By notice of petition dated May 18, 2018 (hereinafter the First Petition), BZ commenced a hybrid turnover proceeding pursuant to CPLR 5225 against Allstate in the Supreme Court, Queens County, seeking the turnover of monies from Allstate's bank account maintained outside New York in such sum sufficient to satisfy the 2001 judgment, and action for a judgment declaring that the 2001 judgment accrued interest at the rate of 2% per month compounded. By order entered November 16, 2018, the Supreme Court dismissed the First Petition for improper service of process.

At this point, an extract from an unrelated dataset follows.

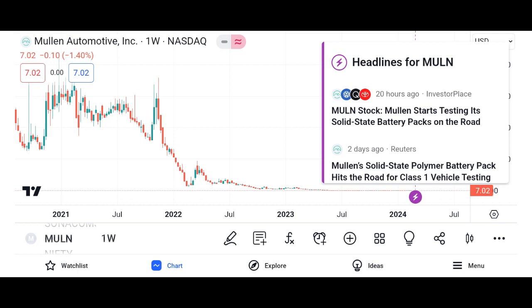Market analysis: evaluate Micron's market share and its position within the semiconductor market. Discuss industry trends and factors influencing Micron's growth prospects, such as demand for memory and storage solutions, technological advancements, and competition. Highlight any recent developments or partnerships that may impact Micron's market position.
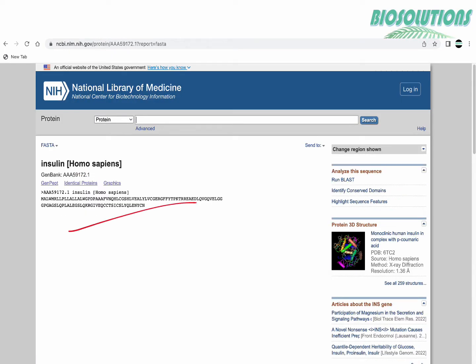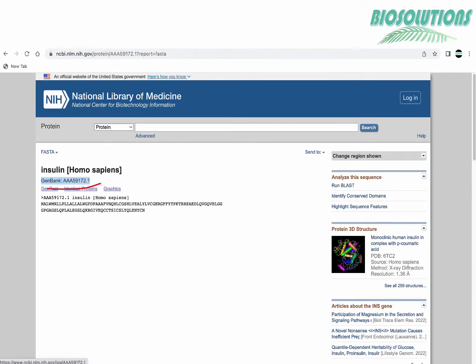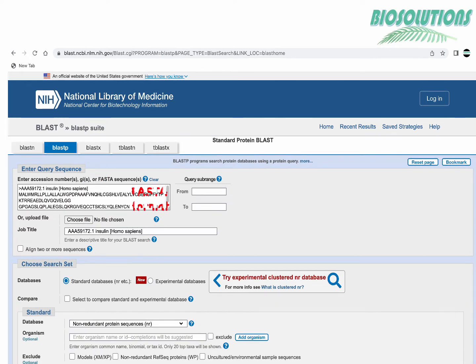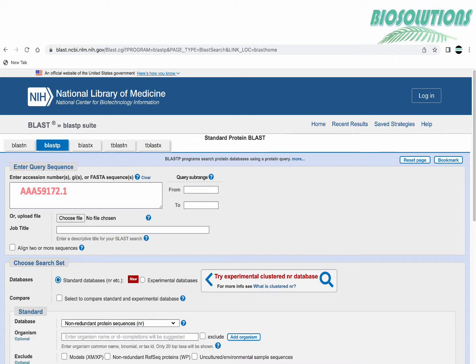Now in BLAST-P in the given text box we can either copy paste the sequence or we can write its accession number or you can even click on run BLAST feature on the links on right hand side. Additionally if you want to use only a segment of the query sequence enter the range in the two boxes provided here.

Thereafter, BZ commenced the instant hybrid turnover proceeding pursuant to CPLR 5225 and action for declaratory relief against Allstate in the Supreme Court, Queens County, seeking the same relief that BZ had sought with the First Petition. The petition/complaint in the instant proceeding/action was specifically denominated as seeking a declaratory judgment and order that Allstate pay the underlying judgment at an interest rate of 2% per month, compounded (see CPLR 3001 ). In effect, BZ's turnover proceeding/action sought to ignore the Appellate Term's "advisory opinion" that interest be computed at the 9% annual rate of CPLR 5004, by instead calculating interest upon the higher rate of 2% per month as defined by Insurance Law § 5106 and former 11 NYCRR 65.15(h). Allstate cross-petitioned for, inter alia, dismissal of the proceeding/action on the grounds of res judicata and collateral estoppel based upon the Appellate Term's earlier determinations that interest should be calculated at the 9% rate. The cross petition also sought to impose monetary sanctions against BZ pursuant to 22 NYCRR 130–1.1 for having commenced a frivolous proceeding/action otherwise barred by the doctrines of res judicata and collateral estoppel.

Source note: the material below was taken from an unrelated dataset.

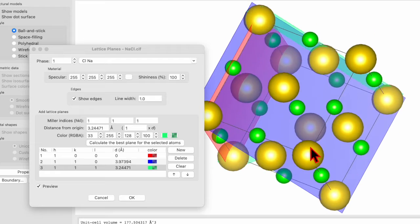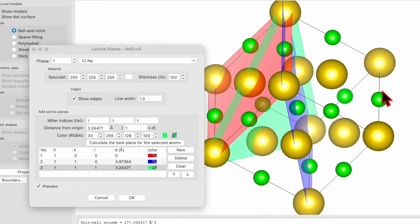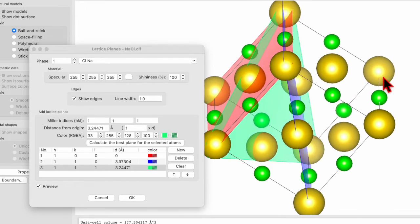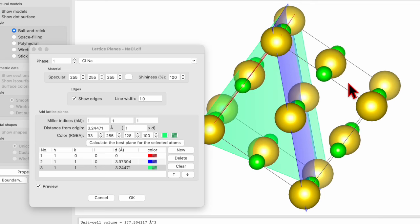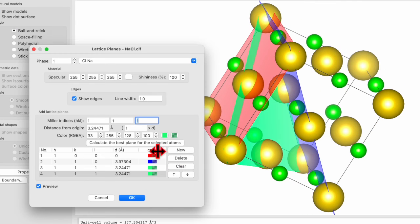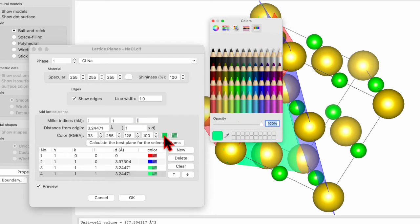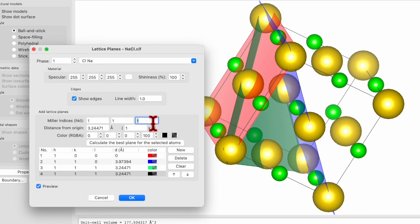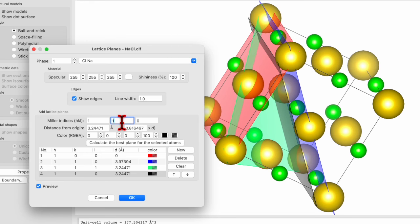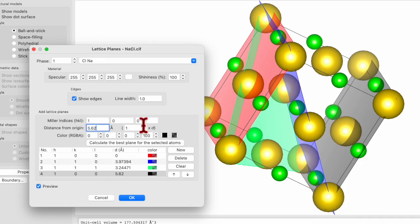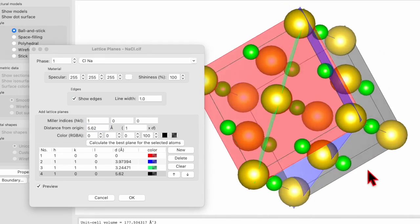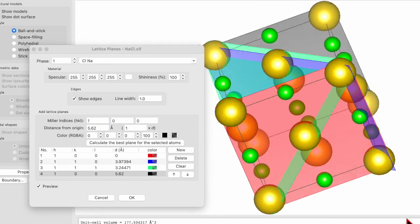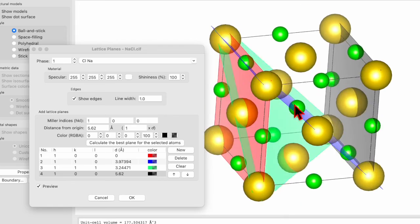So now we can see three different planes. Let's put one more plane at the end. So New, and this time change the color to black. And this plane I want to be 0-0-1 and d equal to one. Perfect.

By order entered March 8, 2019, the Supreme Court denied that branch of BZ's petition/complaint which was to turn over monies in Allstate's bank account because the bank was not a party as required by CPLR 5225(b). However, to the extent the hybrid proceeding/declaratory judgment action sought a judgment declaring the proper rate of postjudgment interest, which did not involve the nonparty bank, the court granted that branch of the petition/complaint, holding that BZ was entitled to a judgment declaring that the 2001 judgment accrued interest at the rate of 2% per month compounded. The court denied Allstate's cross petition.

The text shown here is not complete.